Au troisième matin, j’ai quitté Almograve dans la purée de pois. Ça donnait un petit côté mystique à la balade. Le soleil essayait bien de percer l’épaisse couche de nuages mais j’ai rarement pu apercevoir mon ombre. J’ai enfoncé un écouteur dans mon oreille gauche et j’ai écouté d’une oreille mon audiobook. Je marchais sur les falaises portugaises tout en pourchassant les criminels dans le Massachussetts. J’ai profité d’une mini éclaircie, pour pique-niquer assise au bord de la falaise, observant les nids de cormorans en contrebas. Mais j’ai pas vu passer les 22 kilomètres de la journée absorbée que j’étais dans mon livre. Je suis arrivée de bonne heure à Zambujeira do Mar. Je me suis assise sur un banc sur la petite place pavée qui surplombait la falaise et j’ai regardé les gens vaquer à leurs occupations. Un peu plus tard, je me suis installée à l’hostel Hakuna Matata. Y avait eu un orage la veille et l’eau était coupée. C’était bien dommage vu le besoin urgent que mes cheveux avaient de voir une douche. En fin d’après-midi, l’eau est revenue. Et j’ai repris forme humaine. Je suis ensuite allée faire quelques courses dans le village et j’ai passé la soirée à regarder des vidéos sur mon téléphone. L’hostel était quasi vide, pas un ronfleur à l’horizon, j’ai pu laver mes fringues et les étaler sur tous les lits du dortoir pour les faire sécher. Le lendemain, je me suis offert un jour off. Bah c’est vrai quoi. J’étais là pour marcher mais j’étais aussi un peu là pour profiter. Alors je suis allée à la plage où je me suis presqu’endormie en écoutant mon audiobook. J’ai préparé mon sac de bouffe pour les prochains jours, mangé une gigantesque salade et vidé mes chaussures de tout le sable accumulé dans les doublures. J’étais prête à repartir.
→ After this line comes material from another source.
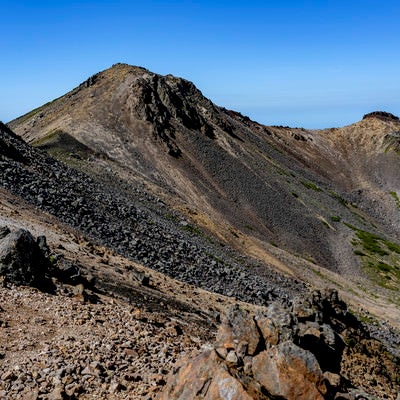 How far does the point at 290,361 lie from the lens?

C’est tout juste si j’ai eu besoin de mettre le réveil le lendemain. J’ai remis mon sac sur mon dos, bouclé ma ceinture, ajusté mes guêtres et je suis repartie. A la fraiche. L’étape du jour me menait à Odeceixe à « seulement » 18kms de là. Alors j’ai pas forcé. J’ai pris mon temps. J’ai fait des pauses, j’ai admiré le paysage assise au bord de la falaise à ne penser à rien. Malgré tout, je suis arrivée de bonne heure à Odeceixe. Y avait personne à l’hostel. En fouinant un peu, j’ai trouvé une clé. Je suis donc entrée, j’ai posé mes affaires, pris une douche, fait un peu de lessive. Un peu plus tard, d’autres gens sont arrivés. Eux aussi, ils se baladaient le long de la Rota Vicentina. Ils se sont installés dans l’autre chambre, me laissant étaler toutes mes affaires tranquillement et brancher mes chargeurs sur toutes les prises. Un peu plus tard, je suis allée faire un petit tour dans le village. Très joli avec ses ruelles pavées en pente et ses maisons blanchies à la chaux. Y avait tout un tas de chats qui se doraient au soleil et qui ouvraient à peine à œil quand je tendais la main pour les caresser. Tout en haut du village, il y avait un ancien moulin à vent. Impossible de rentrer dedans mais la vue de là-haut était imprenable.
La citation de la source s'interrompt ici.